YOUR ASSIGNMENT - From the material below, please set down exactly the lines starting with the one with "BALENCIAGA WOMEN'S CROPPED" and going on through the one with "8ftx8ft Rose Gold", without a single picture.

DATA PROVIDED -
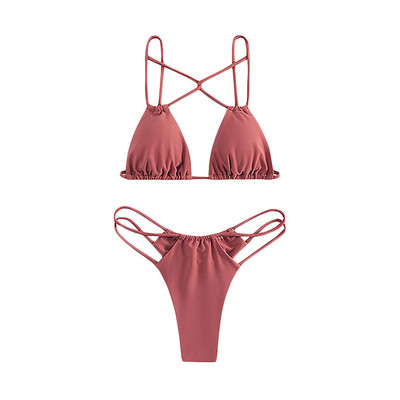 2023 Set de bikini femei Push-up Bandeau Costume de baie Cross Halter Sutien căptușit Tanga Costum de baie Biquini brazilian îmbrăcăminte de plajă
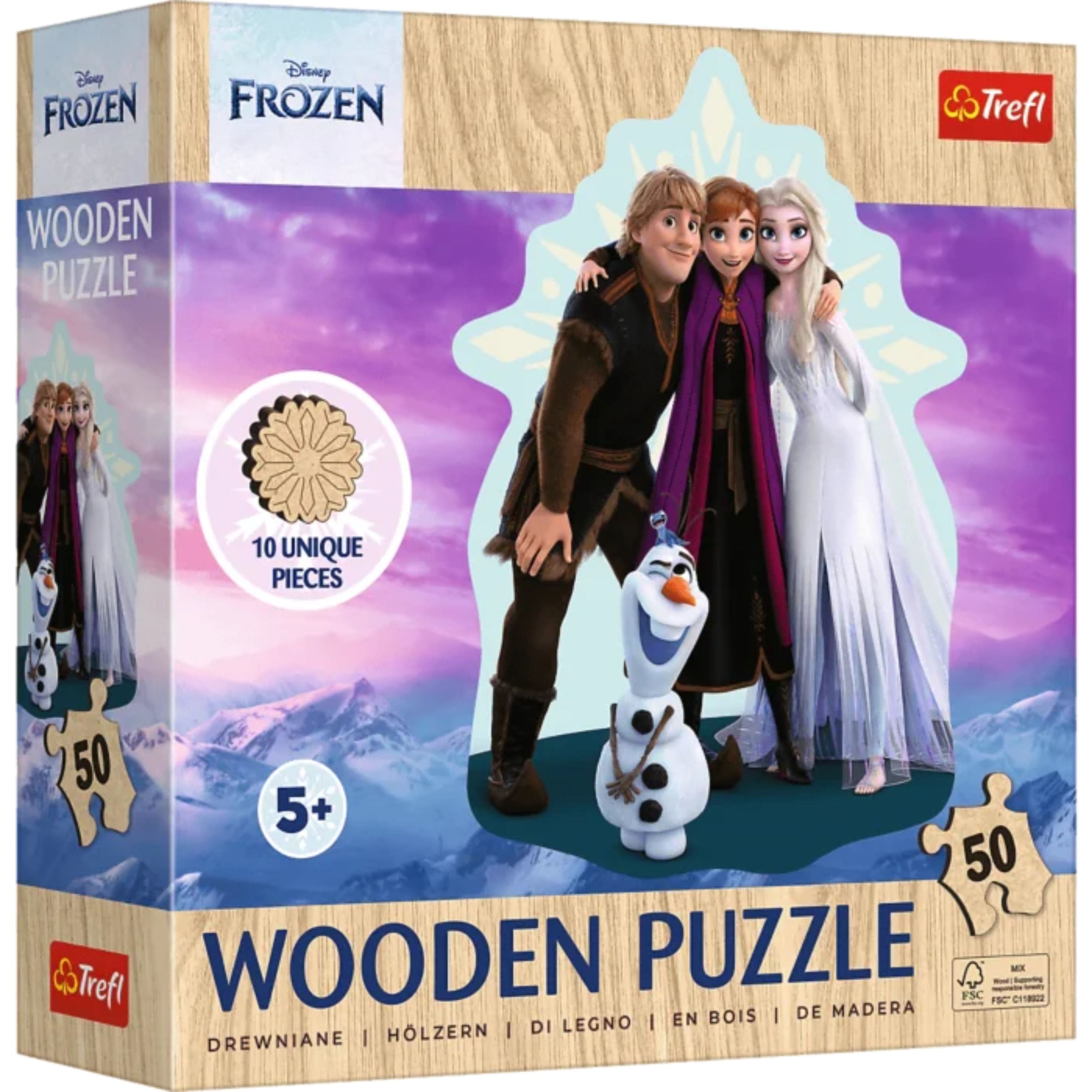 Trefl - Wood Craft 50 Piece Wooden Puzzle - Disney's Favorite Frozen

---

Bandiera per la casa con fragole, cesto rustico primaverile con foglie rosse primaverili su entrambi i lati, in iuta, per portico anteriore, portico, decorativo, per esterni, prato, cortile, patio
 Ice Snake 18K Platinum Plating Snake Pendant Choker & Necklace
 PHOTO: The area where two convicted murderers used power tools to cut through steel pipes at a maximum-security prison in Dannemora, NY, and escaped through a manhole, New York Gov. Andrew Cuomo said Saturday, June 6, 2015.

...

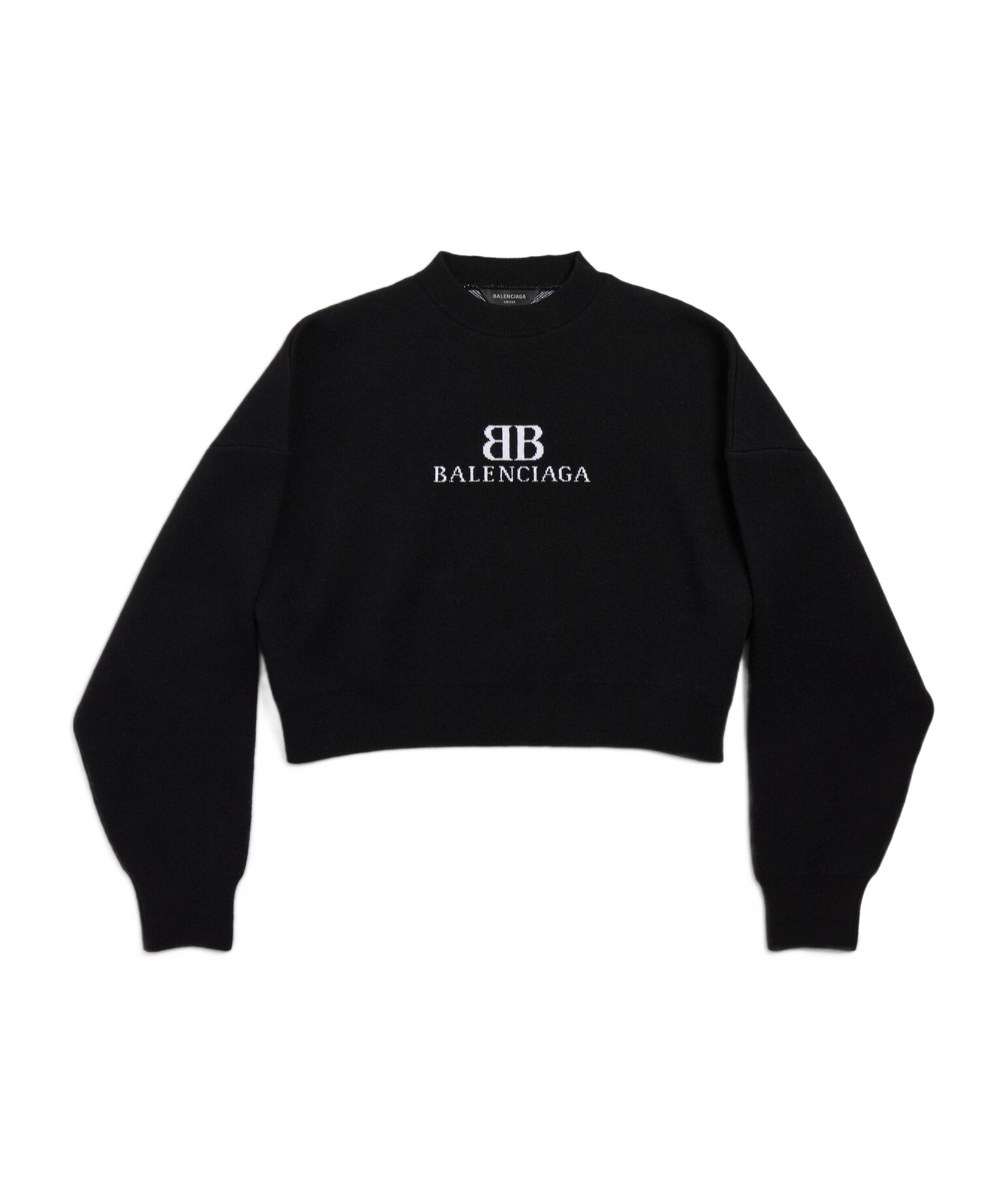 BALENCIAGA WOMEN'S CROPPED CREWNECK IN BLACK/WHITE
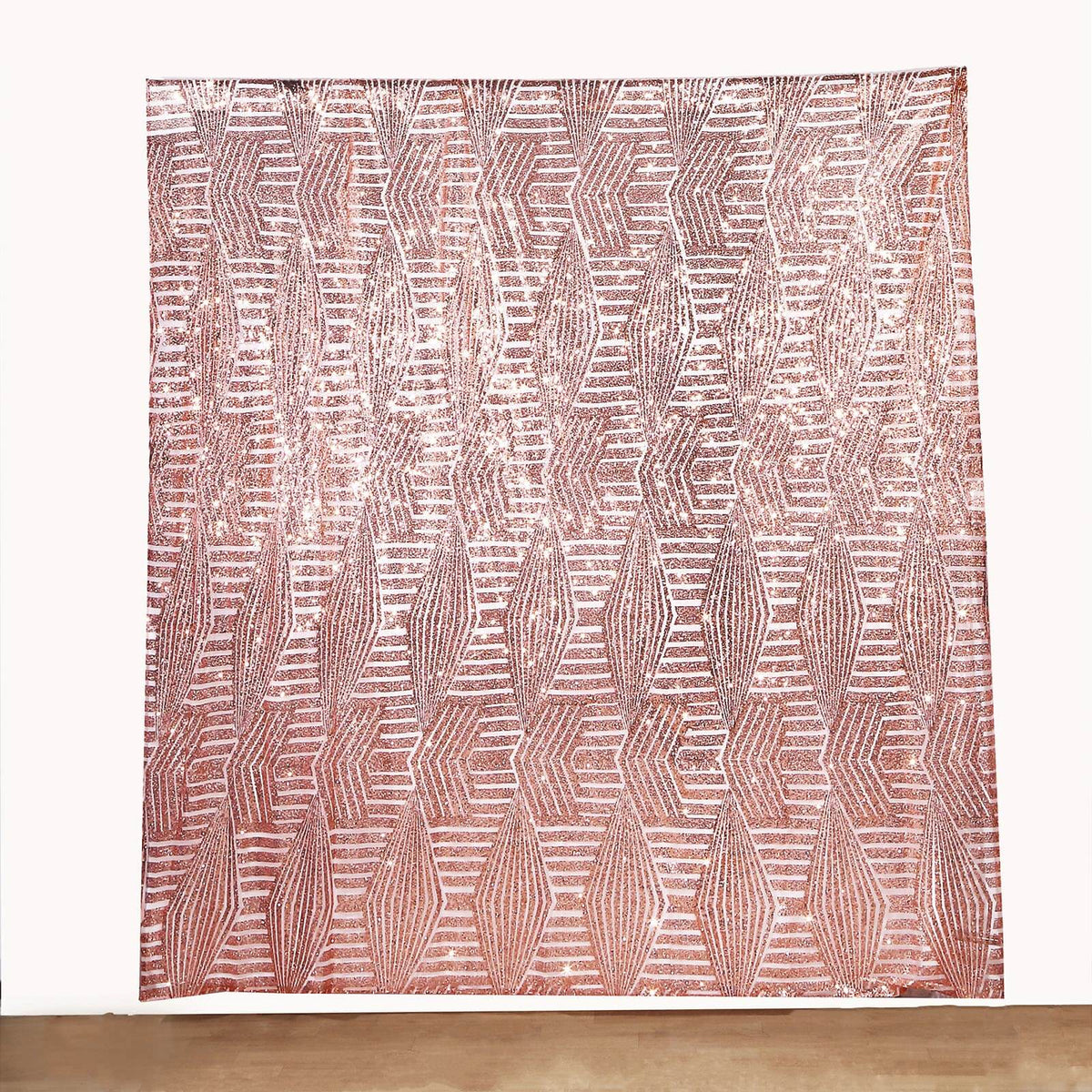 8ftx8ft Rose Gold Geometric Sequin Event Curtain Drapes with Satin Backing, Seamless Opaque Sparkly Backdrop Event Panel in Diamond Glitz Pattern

RESULT OF THE TASK -
 BALENCIAGA WOMEN'S CROPPED CREWNECK IN BLACK/WHITE
 8ftx8ft Rose Gold Geometric Sequin Event Curtain Drapes with Satin Backing, Seamless Opaque Sparkly Backdrop Event Panel in Diamond Glitz Pattern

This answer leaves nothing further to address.